Route 53 (R53) is a highly scalable Domain Name System (DNS) service that has the following characteristics.

• Allows for the registration of Domain Names with the Domain Registration service.
• Can host domains via fully managed Name Servers.
• Is a single Global service (no region selection possible).
• Is a Globally resilient service. Data is replicated between regions, R53 will continue to operate when 1 or more regions fail.

Hosted Zone

A Hosted Zone is a fully managed Zone File hosting service with the following characteristics.

• A Hosted Zone hosts DNS records which are referred to as recordsets.
• Each Hosted Zone is assigned 4 DNS name servers that host the Zone File.
• Hosted Zones can be either public or private.
• Public zones are hosted in the AWS Public Zone and are visible from the Public Internet.
• If enabled, VPC instances use the Route 53 resolver (Subnet +2 IP) to query both Public and Internet hosted zones
• Private zones are linked to VPCs and are not visible from the Public Internet.
• Private hosted zones are only accessible from the VPCs they are associated with.
• Split-DNS is supported and allows the hosting of both Public and Private DNS for the same hostname.

Record Types

DNS has a numbr of record types that are used for different purposes. The most common types are listed below.

• NS - Name Server (NS) records specify the Authoritative DNS servers for a domain.
• A - Maps a domain name to an IPv4 address.
• AAAA - Maps a domain name to an IPv6 address.
• Alias - An Alias (A/AAA) record is an AWS specific record type that points to an AWS resource.
• PTR - A Pointer (PTR) record maps an IP address to a domain name.
• CNAME - Maps a canonical (alternate) name to the domain name.
• MX - Mail Exchange (MX) records secify the Email servers for a domain.
• TXT - Text (TXT) records allow for the addition a text related data for a domian. They are commonly use to validate domain ownership.

Time To Live

The Time To Live (TTL) value signals to DNS Resolver servers how long they should locally cache a Record Type for a domain.

The TTL is altered when migrating servers to new IP addresses. Generally, you set the TTL to a low value (in seconds) prior to a migration to minimise the impact to clients.

Routing Methods

Route 53 can route DNS queries with a number of methods. The following section describes the available routing methods.

Simple Routing

Simple routing is the most basic type of routing and is used when to route requests towards a single service.

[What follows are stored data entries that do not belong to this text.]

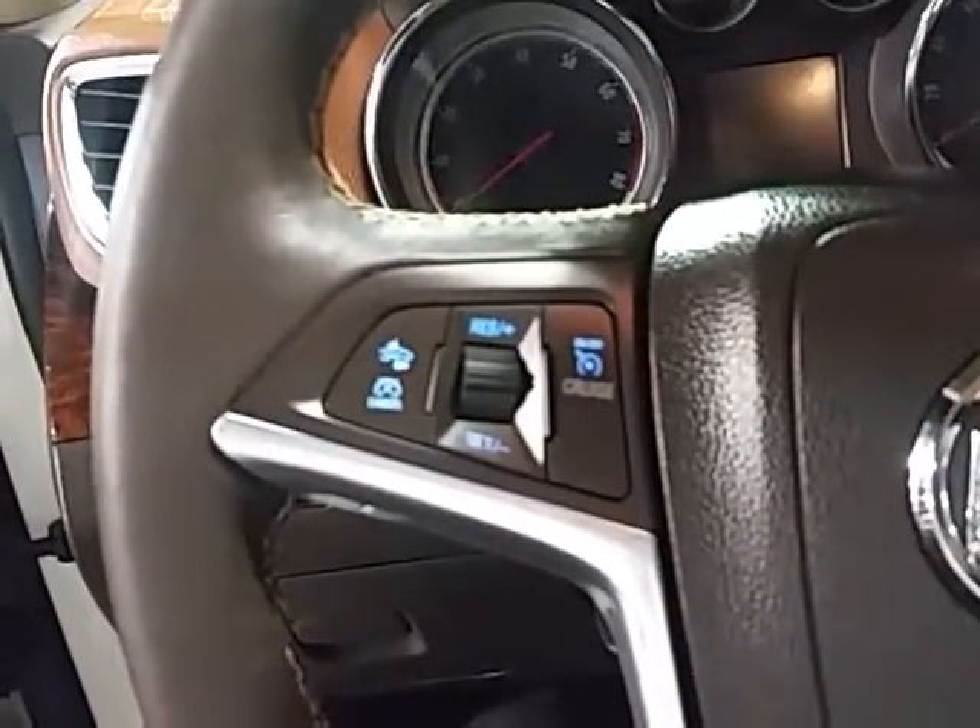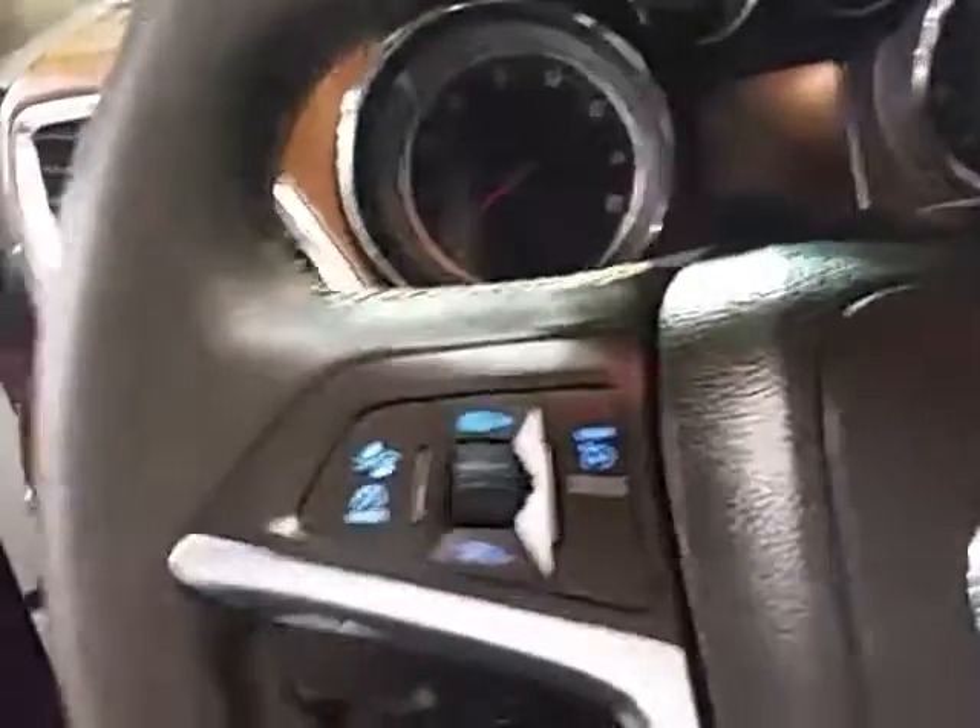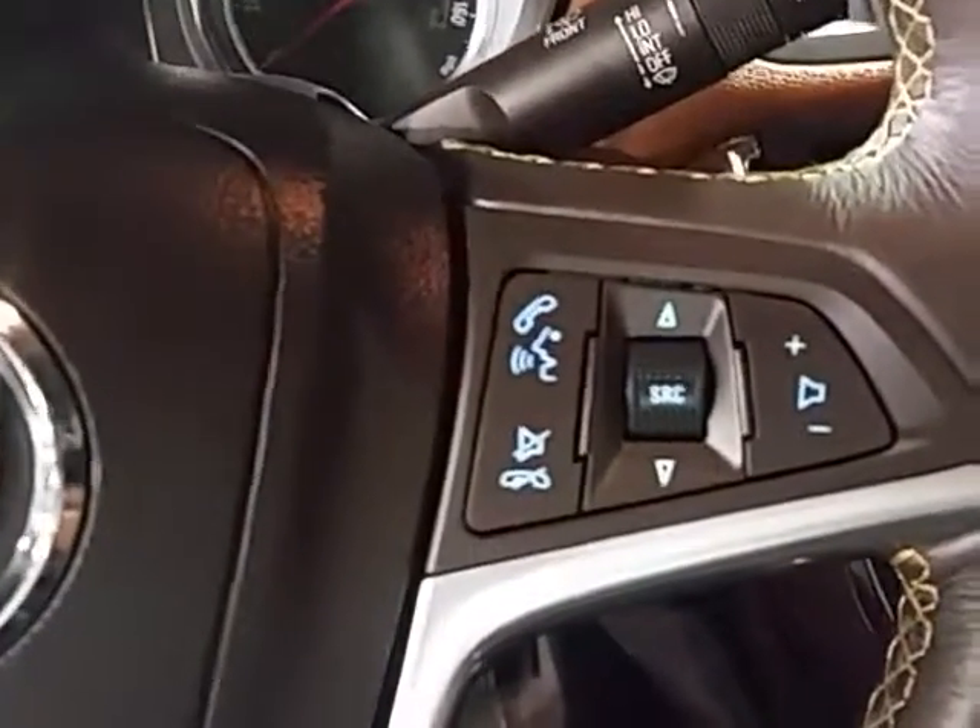Cruise control is included. On your steering wheel you have forward quick collision alert, as well as audio and Bluetooth controls.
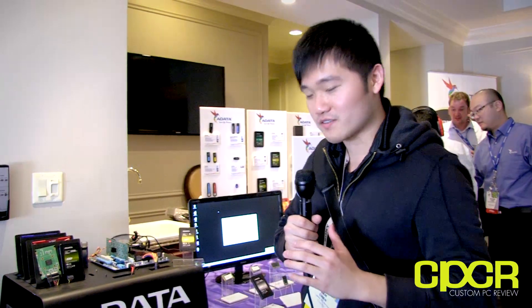Hey, how's it going guys? This is Sam here with CustomPCReview.com. Here at CES 2014, we are at the A-Data Suite, and we're going to check out some cool new products they have on display here.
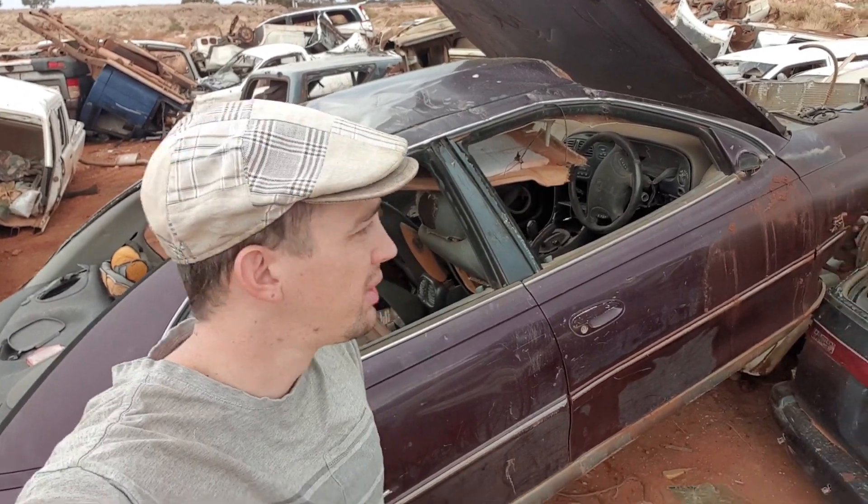Hello internet and welcome to another episode of Automotive Carnage. Today we're out and about at a local car yard. The car is in very good condition as you can see, and we're here getting parts off this old VT Calais.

Simple routing has the following characteristics.

• Support for 1 record per name.
• Each record can have multiple values and all values are returned for the record when queried.
• Health Checks are not supported.

Failover Routing

Failover routing uses a Secondary DNS record to point to an alternate host in the event that the Primary host becomes unavailable.

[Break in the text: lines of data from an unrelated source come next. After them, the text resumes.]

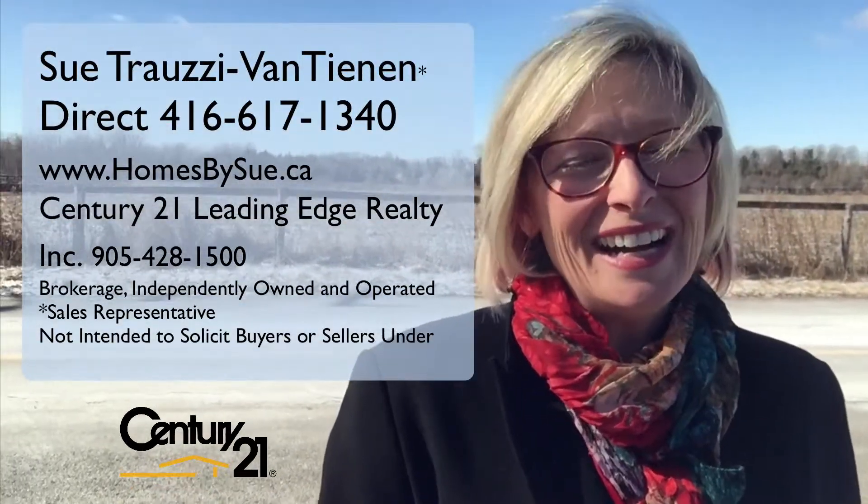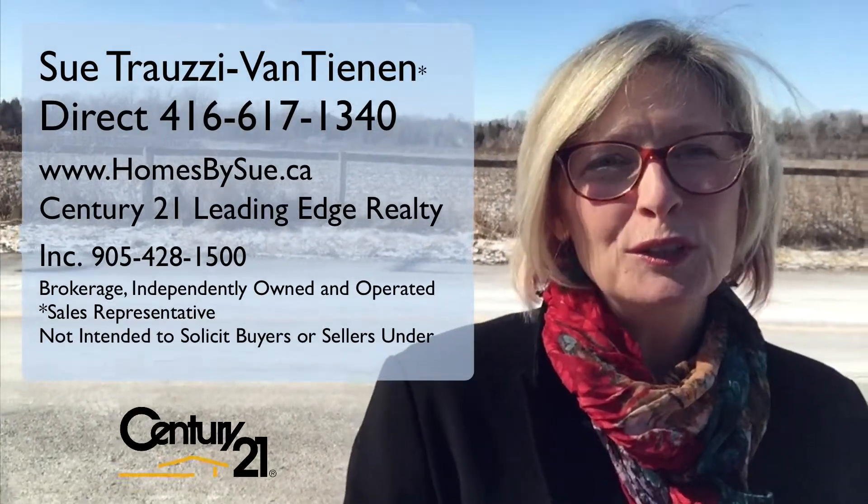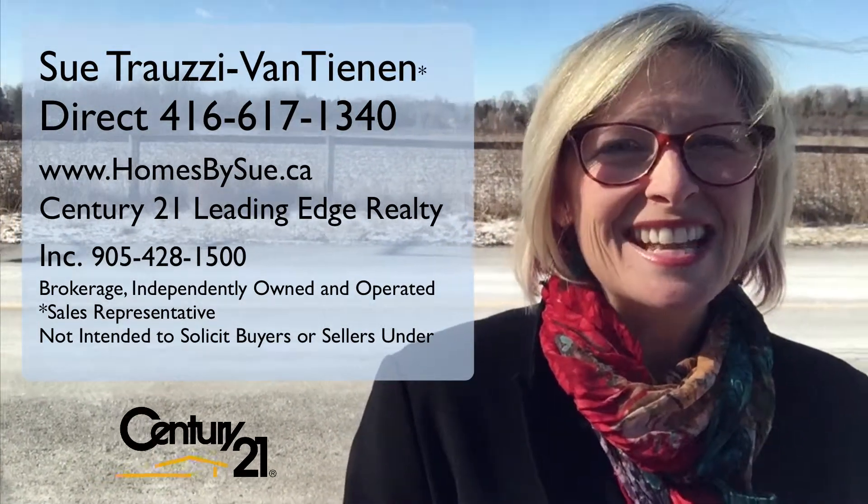Hey there, it's Sue. I just wanted to let you know I'm looking for the perfect buyer for this beautiful country home that's nestled so close to everything.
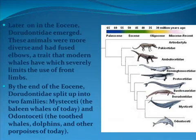Later on in the Eocene, Dorudontidae emerged. These animals were more diverse and had fused elbows, a trait that modern whales have which severely limits the use of front limbs. By the end of the Eocene, Dorudontidae split up into two families: Mysticeti, the baleen whales of today, and Odontoceti, the toothed whales, dolphins, and porpoises of today.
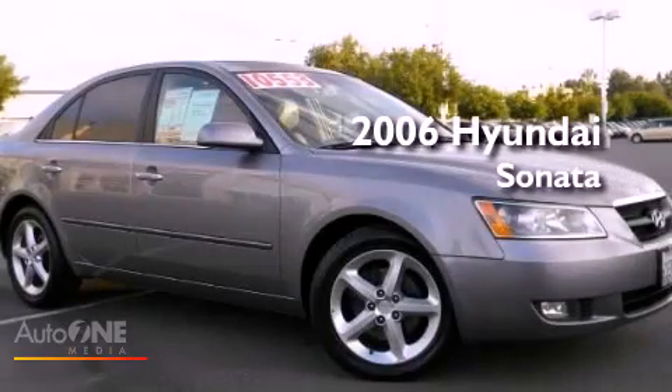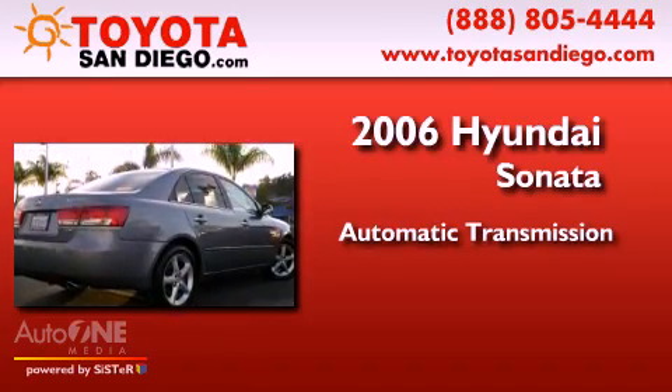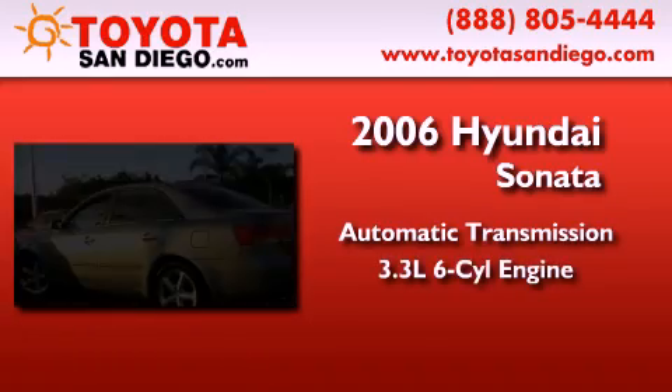This is a 2006 Hyundai Sonata. This four-door sedan has an automatic transmission and a six-cylinder engine.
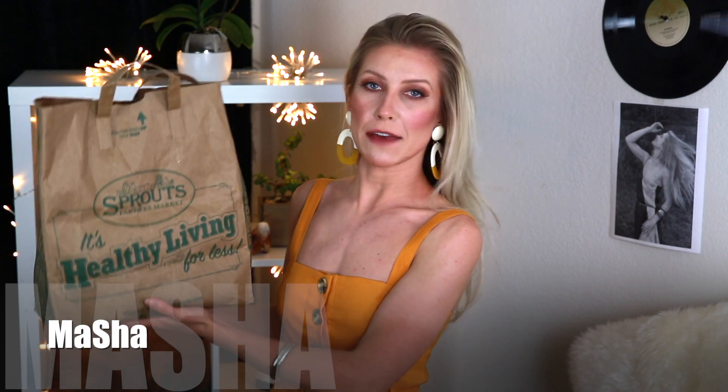Hi my friends! Welcome back to my channel, or welcome if you are new. It's Masha. It's time for my beautiful bag — like a brown bag full of empties. So if you want to know what I was using in the previous months, just stay with me and keep watching.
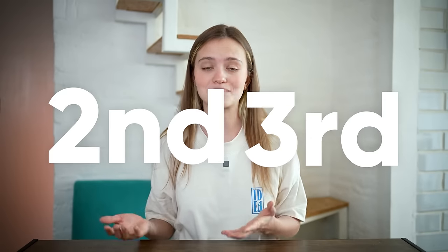This video is brought to you by Squarespace. If you're about to give up after a second or third attempt of trying to learn a language, you absolutely have to watch this.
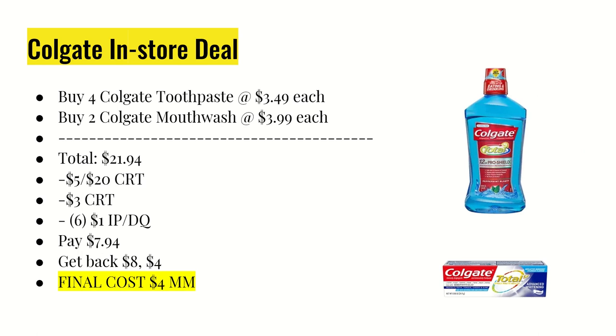If you don't want to do that online deal but need oral care products, here's the in-store version. Buy four Colgate toothpastes at $3.49 each and two mouthwashes at $3.99 each, totaling $21.94. Use the $5 off $20 CRT and the $3 off whitening CRT. In-store you can use up to six manufacturer coupons: four $1 off one Colgate toothpaste internet printables and two for the mouthwash from coupons.com. You'll pay $7.94 and get back an $8 ExtraCare Buck for four toothpastes and $4 for two mouthwashes, making the final cost a $4 moneymaker.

Failover routing has the following characteristics.

• There are 2x DNS records setup for the host a Primary and Secondary
• The Primary record points to the main service endpoint.
• The Secondary record points to the backup service endpoint.
• Failover routing uses Health Checks to determine service health.
• If the Primary resource becomes unhealthy, the record for the Secondary resource is returned.

Multi-Value Routing

Multi-Value routing allows you to return Multiple records for a name, each having an independent health check.

The following table lists an example of the values returned from a multi-value query.

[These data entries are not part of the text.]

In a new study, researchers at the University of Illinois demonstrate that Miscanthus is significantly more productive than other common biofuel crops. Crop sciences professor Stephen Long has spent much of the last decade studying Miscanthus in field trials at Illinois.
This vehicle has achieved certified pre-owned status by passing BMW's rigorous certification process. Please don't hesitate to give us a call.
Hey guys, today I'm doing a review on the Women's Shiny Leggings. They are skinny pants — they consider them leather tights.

Multi-Value rouing has the following characteristics.

• Multiple records are assigned to the same name.
• Up to 8 healthy records are returned to the client.
• If there are more than 8 healthy records, 8 are chosen at random.
• Each record has it's own health check.
• Unhealthy records are not returned.
• If a health check is not assiciated, they the record is always considered healthy.
• The client chooses a single record to use.

Weighted Routing

Weighted routing allows you to have multiple records for a name, were each record has a weight value assigned.

The following table lists an example of weighted records.

Weighted routing has the following characteristics.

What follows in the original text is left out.